Though the Toyota Prius which had a 100% recall because of software flaws that could leave you stranded in the middle of the highway, because of engine shutdown, got their highest rating......Think they are not biased...think again.

Reply to
Seamus's Stuff

A recall (no matter how extensive or serous the problem) doesn't prove that the car is unreliable overall. If it makes you happy, consider that the CR reliability ratings for the 2001 - 2004 Prius show that the electrical system has mediocre reliability even though most other systems are excellent.

Reply to
satyr

no, I am saying "I dont agree with you, you dont agree with me". AFAIK, nobody on either side had presented facts that either side has agreed upon. This topic nor this forum is not intended for name calling nor rudeness, so it is my intention to end this conversation as it seems to be headed in that direction. fin.

marx404

Reply to
marx404

marx404 sez...

I initiated this thread to discuss what Consumer Reports had to say about Saturn.

They do not accept ads, so therefully are not swayed one way or another.

When researching for that dream car, I find it helpful to all to discuss what is available to consumers.

No one wants to get stuck with a lemon! For all the hard earned money, I want to feel well-informed.

I will follow the advice and buy some other magazines and will start a new thread about my findings.

Back in the 90's, Saturn had a reputation of quality. Now just looking at them cars in the showroom, I do not feel it.

My favorite vehicle of the current lineup is the Vue, but that's not saying much.
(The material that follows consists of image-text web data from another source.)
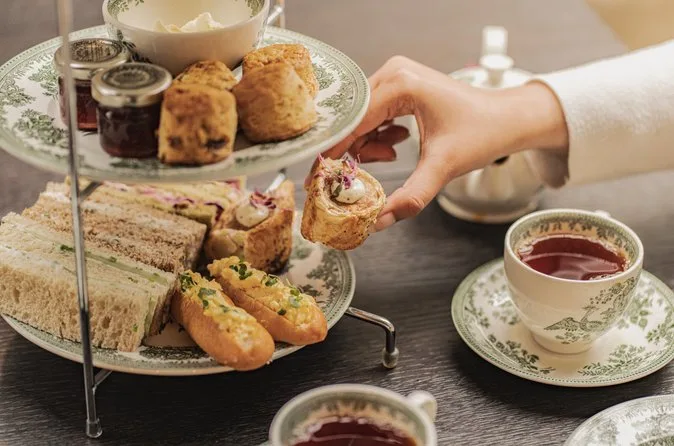 Royal High Tea at Kensington Palace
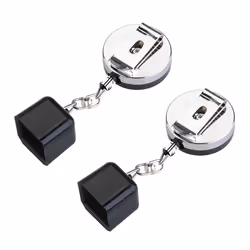 Billiard Chalk Holder, 2pcs, Retractable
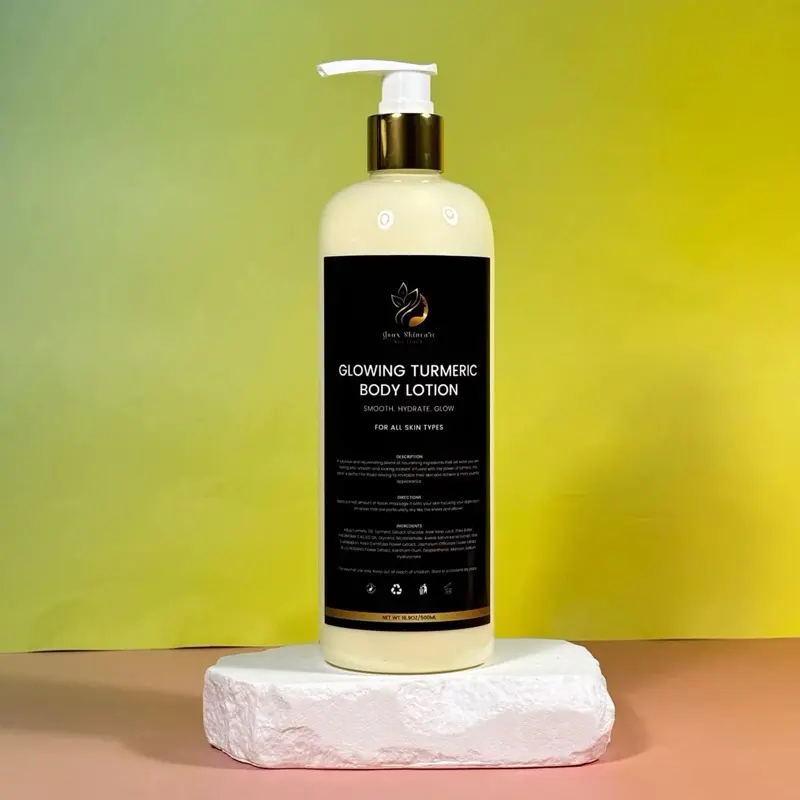 Glowing Honey turmeric body lotion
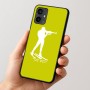 כיסוי בעיצוב אישי עם השם שלך לדגם - Motorola Moto G54 בעיצוב ביאתלון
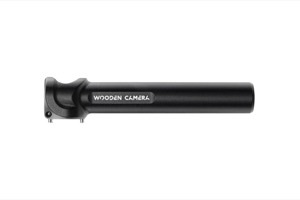 Wooden Camera Dual Mount Bolt On Rod 15mm (3/8-16) - 1.5"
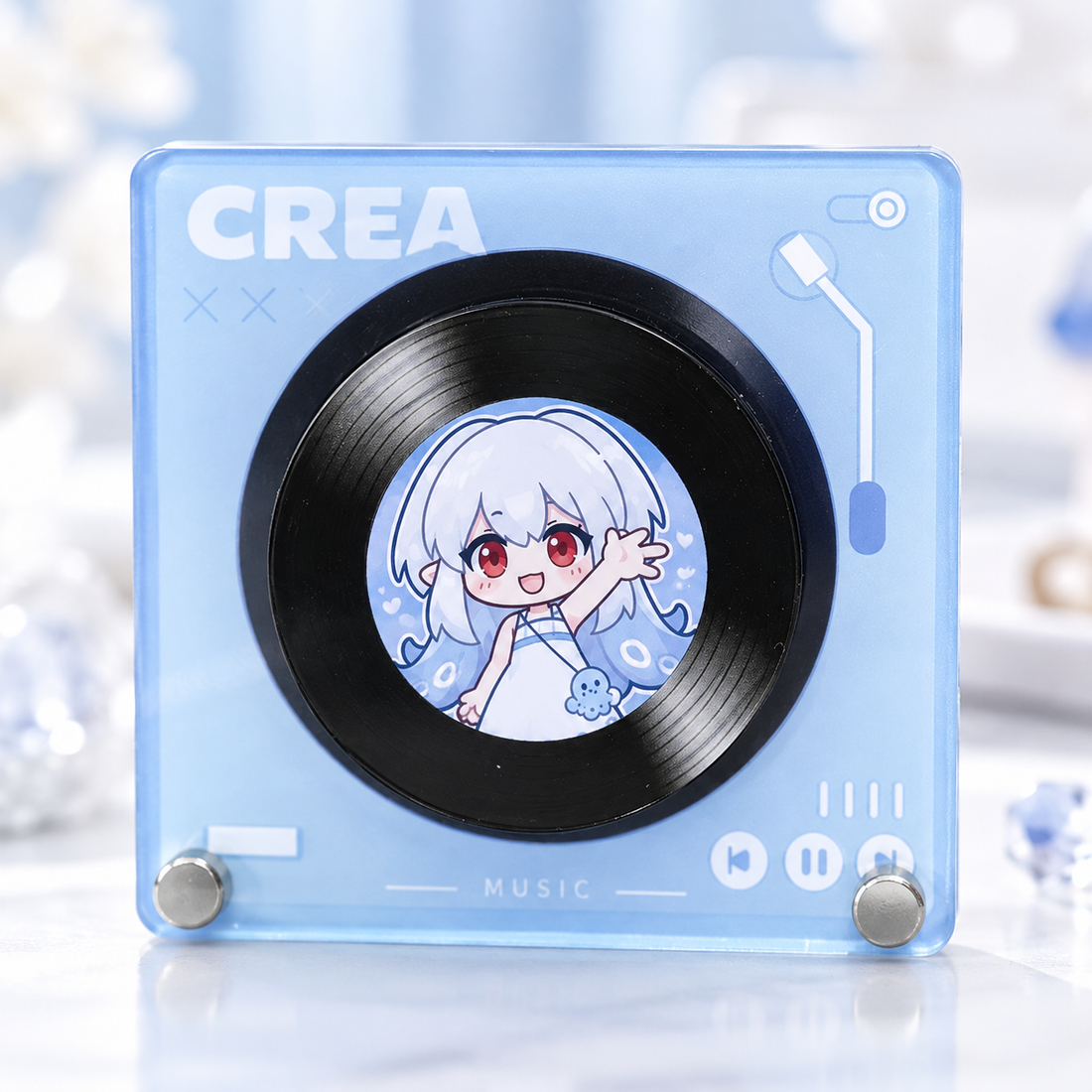 Rotatable Acrylic Stand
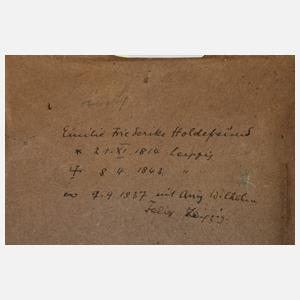 Portrait Emilie Holdefreund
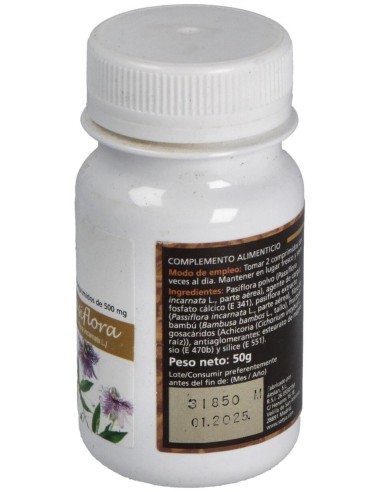 Pasiflora 500Mg Comp. 100U de Sotya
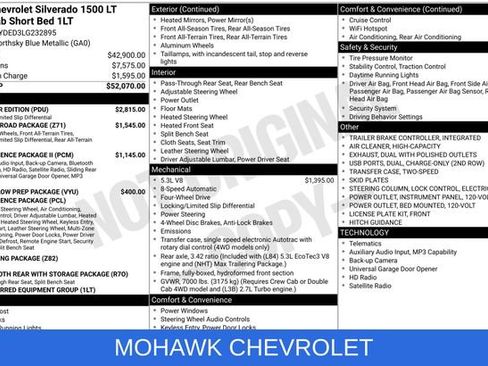 Used 2020 Chevrolet Silverado 1500 LT w/ All-Star Edition AWD/4WD image 2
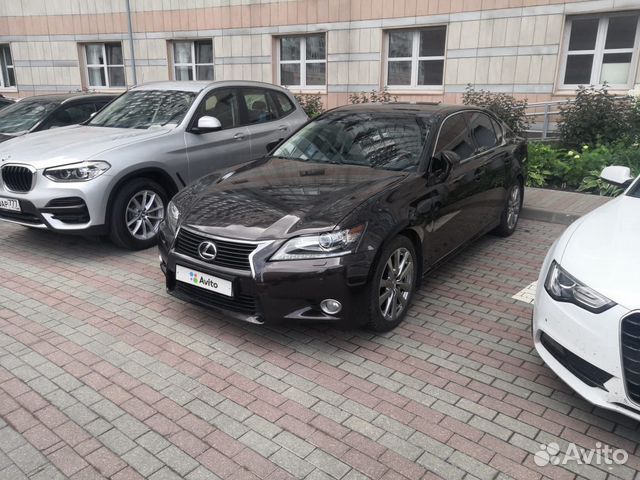 Lexus GS 3.5 AT, 2012, 123 777 км Lexus GS 3.5 AT, 2012, 123 777 км
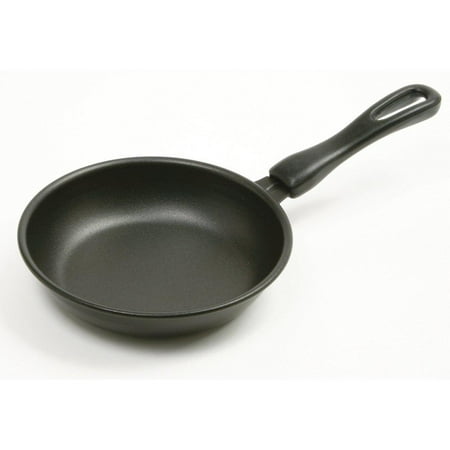 Non Stick Mini Frying Pan Skillet 6 Inches New Carbon Steel, High quality carbon steel with nonstick for even cooking By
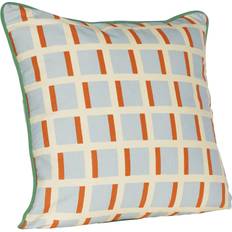 Hübsch Agenda Komplet pyntepude Multifarve, Grå, Beige, Grøn, Orange, Gul, Blå (50x50cm)
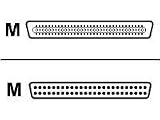 Belkin 12ft Ultra Fast Wide Ext SCSI Vhdci68m/micdb50m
There used to be an "L" series.

Saturn has really changed. It's a shame!

Reply to
fish

Right, that's why the flakey transmission in my dad's Oddessey, instead of getting replaced with a unit that won't lock up suddenly on the highway, got a 'jet kit' to fix what Honda calls a 'lubrication problem' inside the gearbox. Where just about everything is drenched in that magic nonstandard Honda ATF anyway. So, we've got a ticking time bomb transmission that may/may not fail with who knows what results. Oh yeah, they're giving us a '100,000 mile' warrenty on it now. Or the EGR valve that they told us could fail, so as a courtesy, they're extending the warrenty on the emissions system to 80,000 miles, which they're legally supposed to be at anyway.

Or, we could talk about Toyota's sludge issues that have been around for years.

What Honda and Toyota figured out long ago was that a good PR dept and quietly handling some issues, combined with some slick legal moves, can give the appearence of them being a warm and fuzzy company.

Of course, look at the Prius, which performs like an 80's Toyota and gets nowhere near it's sticker mileage. Yet sheep suck it up anyway.